6. Risks and Challenges

  • Maintaining Markdown Formatting: LLMs can be inconsistent in preserving complex Markdown. Solution: Process text paragraph by paragraph instead of line by line. Use few-shot prompting with examples of correct preservation.
  • Multi-language Label Support: Different target languages require different labels for translations and descriptions. Solution: Create a helper function to map target languages to appropriate labels (e.g., "翻译" for Chinese, "Translation" for English, "Traducción" for Spanish).
  • Unified Image Data Access: Images can be stored in many ways. Solution: The get_image_data(src) helper function is critical. It must contain logic to check if src is a URL, a local file path, or a base64 string and handle each case appropriately.
  • API Rate Limits & Cost: Processing a large notebook with many cells and images can be slow and expensive. Solution: Implement batching for API calls where possible. Add optional delays between calls. Provide user feedback on progress.
  • Large File Handling: Very large notebooks might exceed memory or state-passing limits.
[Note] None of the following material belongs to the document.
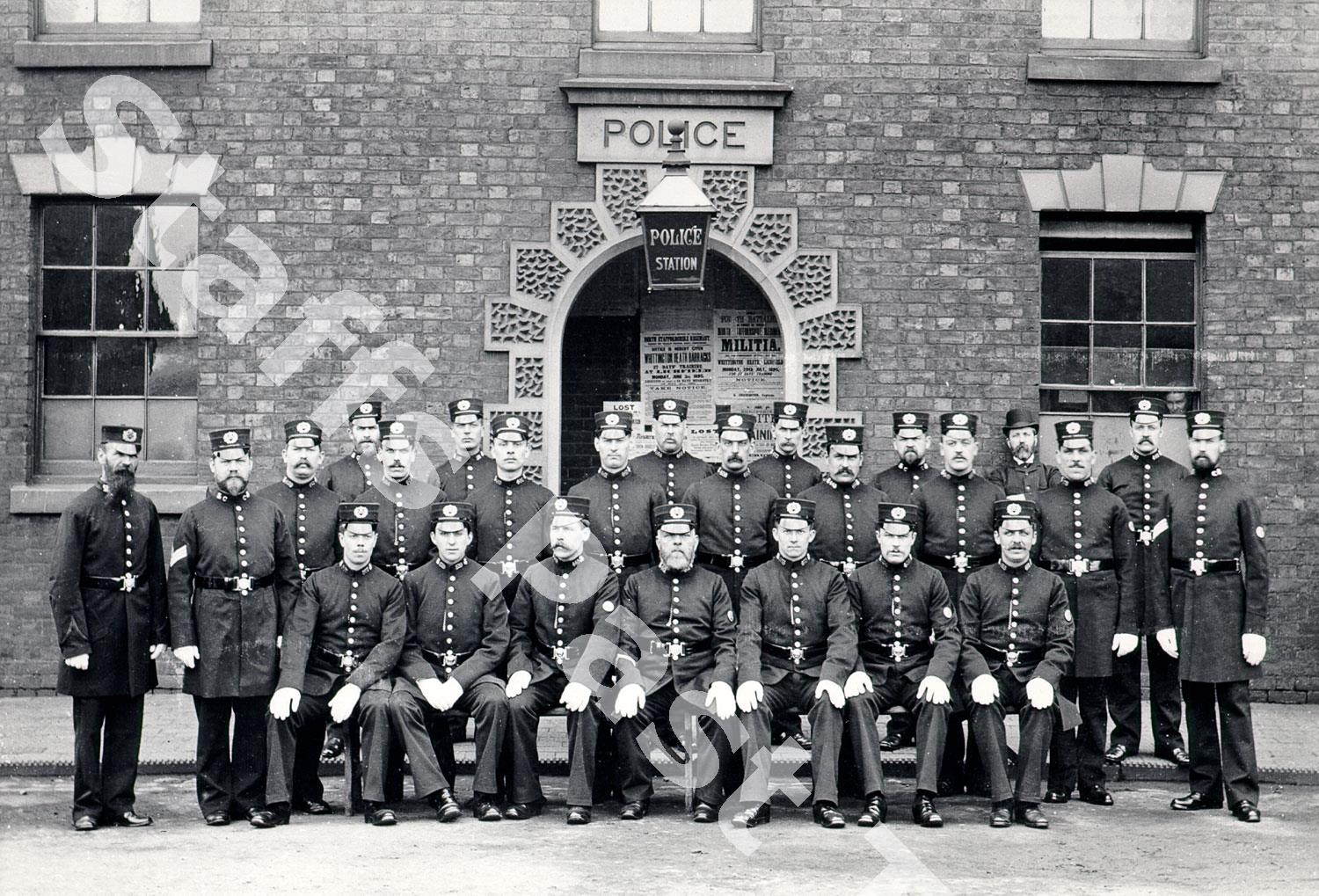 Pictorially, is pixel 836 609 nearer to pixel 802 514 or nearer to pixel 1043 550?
pixel 802 514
Solution: Process the notebook cell by cell, only appending the result to the processed_cells list, rather than passing the entire growing content in the state at every step.
  • Model Compatibility: Ensuring the Gemini model through OpenRouter works correctly with both text and vision tasks. Solution: Use Context7 to reference official documentation and test thoroughly with sample content before full implementation.
  • Idempotency: Running the agent on an already translated file would produce messy results. Solution: Before starting, check if the output file already exists. If so, warn the user and ask for confirmation to overwrite.